Milky Way over Great Basin. NPS Photo
The park boasts some of the darkest night skies in the US. Campers are treated to awe-inspiring views of the vast milky way, as well as shooting stars and even the occasional International Space Station fly-over. Special Astronomy Programs are offered several times a week so visitors can learn to identify planets and constellations, and then view them through telescopes.

--Limited Time or Mobility?

The Great Basin Visitor Center in the town of Baker is a new, updated facility featuring exhibits explaining the geology, history, and flora/fauna of the region. An introductory video can be viewed here or at the Lehman Caves Visitor Center. Stop for ice-cream at the cafe, or have a picnic in the fresh air. After that, visitors can take the Wheeler Peak Scenic Drive for expansive views of Snake Valley. Keep an eye out for wildlife—deer, jack-rabbits, snakes, and birds are common.

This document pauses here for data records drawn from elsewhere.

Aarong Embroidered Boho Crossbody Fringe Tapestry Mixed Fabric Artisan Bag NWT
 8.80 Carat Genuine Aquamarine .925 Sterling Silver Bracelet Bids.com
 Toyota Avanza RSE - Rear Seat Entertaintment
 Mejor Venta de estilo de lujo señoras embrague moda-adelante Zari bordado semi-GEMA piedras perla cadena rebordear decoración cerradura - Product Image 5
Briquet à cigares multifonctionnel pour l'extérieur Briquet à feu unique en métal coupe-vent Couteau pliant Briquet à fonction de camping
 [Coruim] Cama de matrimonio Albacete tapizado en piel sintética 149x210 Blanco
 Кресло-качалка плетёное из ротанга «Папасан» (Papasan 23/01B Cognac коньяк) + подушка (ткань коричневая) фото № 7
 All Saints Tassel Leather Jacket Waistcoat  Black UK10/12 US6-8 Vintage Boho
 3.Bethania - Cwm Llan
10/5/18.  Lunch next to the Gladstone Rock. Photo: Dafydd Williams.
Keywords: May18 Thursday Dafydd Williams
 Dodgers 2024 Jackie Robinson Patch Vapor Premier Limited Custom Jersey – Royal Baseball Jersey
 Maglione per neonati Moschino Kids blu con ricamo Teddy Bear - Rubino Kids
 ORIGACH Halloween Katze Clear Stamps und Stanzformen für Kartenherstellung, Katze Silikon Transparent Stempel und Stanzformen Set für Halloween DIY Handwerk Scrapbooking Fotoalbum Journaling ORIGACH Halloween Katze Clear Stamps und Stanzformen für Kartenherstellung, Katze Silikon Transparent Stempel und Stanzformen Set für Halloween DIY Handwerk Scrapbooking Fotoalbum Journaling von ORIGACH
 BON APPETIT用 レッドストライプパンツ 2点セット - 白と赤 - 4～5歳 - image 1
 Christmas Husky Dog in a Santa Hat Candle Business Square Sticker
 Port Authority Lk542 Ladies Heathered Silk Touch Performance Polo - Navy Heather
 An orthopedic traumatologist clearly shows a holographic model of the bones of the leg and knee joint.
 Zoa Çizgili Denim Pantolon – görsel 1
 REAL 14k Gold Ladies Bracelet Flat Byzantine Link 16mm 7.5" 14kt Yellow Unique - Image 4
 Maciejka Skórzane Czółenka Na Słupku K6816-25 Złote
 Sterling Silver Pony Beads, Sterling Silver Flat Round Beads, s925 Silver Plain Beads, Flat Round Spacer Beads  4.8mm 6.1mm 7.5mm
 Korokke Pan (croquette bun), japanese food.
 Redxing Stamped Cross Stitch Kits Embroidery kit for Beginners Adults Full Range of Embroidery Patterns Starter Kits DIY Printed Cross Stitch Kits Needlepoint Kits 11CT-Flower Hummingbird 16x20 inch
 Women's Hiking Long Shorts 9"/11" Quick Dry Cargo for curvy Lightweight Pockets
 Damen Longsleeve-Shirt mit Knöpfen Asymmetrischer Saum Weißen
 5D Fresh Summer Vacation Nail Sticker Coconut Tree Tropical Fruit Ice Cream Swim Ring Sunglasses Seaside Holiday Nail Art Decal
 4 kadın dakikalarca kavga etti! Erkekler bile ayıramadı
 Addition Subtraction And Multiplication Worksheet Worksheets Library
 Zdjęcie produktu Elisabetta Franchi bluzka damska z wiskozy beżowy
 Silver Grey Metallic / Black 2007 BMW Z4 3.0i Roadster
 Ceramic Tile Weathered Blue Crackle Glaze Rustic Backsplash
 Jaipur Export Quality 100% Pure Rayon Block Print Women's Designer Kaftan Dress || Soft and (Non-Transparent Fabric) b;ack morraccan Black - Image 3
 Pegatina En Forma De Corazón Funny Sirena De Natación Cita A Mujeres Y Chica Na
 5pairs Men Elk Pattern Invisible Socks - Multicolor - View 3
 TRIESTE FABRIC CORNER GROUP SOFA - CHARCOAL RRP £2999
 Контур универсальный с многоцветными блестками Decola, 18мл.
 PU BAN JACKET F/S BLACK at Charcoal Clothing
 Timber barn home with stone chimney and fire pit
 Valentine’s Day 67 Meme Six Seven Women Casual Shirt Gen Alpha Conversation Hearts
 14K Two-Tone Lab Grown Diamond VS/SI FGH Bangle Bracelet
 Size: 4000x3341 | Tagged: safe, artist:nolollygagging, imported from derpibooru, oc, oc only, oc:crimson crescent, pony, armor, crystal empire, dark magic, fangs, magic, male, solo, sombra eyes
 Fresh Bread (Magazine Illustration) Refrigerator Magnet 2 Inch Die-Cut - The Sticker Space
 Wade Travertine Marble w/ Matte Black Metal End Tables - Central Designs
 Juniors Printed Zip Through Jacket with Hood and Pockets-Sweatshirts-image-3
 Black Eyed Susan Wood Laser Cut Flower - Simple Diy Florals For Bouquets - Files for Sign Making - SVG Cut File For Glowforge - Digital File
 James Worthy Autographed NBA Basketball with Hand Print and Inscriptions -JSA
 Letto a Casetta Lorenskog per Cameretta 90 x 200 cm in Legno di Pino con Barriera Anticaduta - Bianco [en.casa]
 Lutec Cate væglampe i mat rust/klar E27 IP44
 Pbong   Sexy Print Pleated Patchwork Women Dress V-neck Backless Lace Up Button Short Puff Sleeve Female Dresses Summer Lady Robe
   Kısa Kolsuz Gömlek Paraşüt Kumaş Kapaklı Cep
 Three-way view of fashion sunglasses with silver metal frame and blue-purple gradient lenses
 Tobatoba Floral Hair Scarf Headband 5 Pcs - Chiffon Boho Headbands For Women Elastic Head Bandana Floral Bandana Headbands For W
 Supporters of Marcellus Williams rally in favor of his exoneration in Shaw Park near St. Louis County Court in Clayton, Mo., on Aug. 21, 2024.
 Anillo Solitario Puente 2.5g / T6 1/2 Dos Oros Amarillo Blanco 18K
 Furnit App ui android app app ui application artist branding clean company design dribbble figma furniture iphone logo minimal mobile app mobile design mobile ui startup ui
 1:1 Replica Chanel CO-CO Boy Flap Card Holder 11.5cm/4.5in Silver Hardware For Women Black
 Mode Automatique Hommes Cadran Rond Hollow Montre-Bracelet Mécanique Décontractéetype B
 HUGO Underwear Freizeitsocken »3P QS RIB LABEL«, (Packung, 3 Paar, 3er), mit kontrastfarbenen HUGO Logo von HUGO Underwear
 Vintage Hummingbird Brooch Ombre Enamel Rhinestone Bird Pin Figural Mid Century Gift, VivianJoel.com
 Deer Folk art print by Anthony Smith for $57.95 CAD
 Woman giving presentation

Deer grazing in an alpine meadow.


The park is very quiet and peaceful in the off-seasons. During fall, the aspen groves turn bright yellow and dramatic autumn colors decorate the park. Winter is when the region receives most of its precipitation, in the form of snow. The park is open to exploration by snow-shoe or cross-country skiing. Spring is a great time to see wildflowers, though higher elevation hiking trails may still be snow covered.

View across Snake Valley.


Location: Baker, NV
Entrance Fee: Free! (additional fees for camping and cave tours)
Season: Park open year-round. Visitor Centers open daily with limited hours and facilities in winter (closed Thanksgiving, Christmas, New Years). *Note: The park operates on Pacific Time. Visitors coming from Utah will need to change from Mountain Time.
Accommodations: Camping available in the park or on surrounding public lands. No hook-ups in park. Several small motels are located in Baker.
Closest International Airports: Las Vegas, NV; Salt Lake City, UT
Be aware that this is a remote location. If you plan well, this is part of its charm. While limited services are available, it is a good idea to stock up on supplies before arriving. There is no cell phone coverage and limited Wi-Fi connection.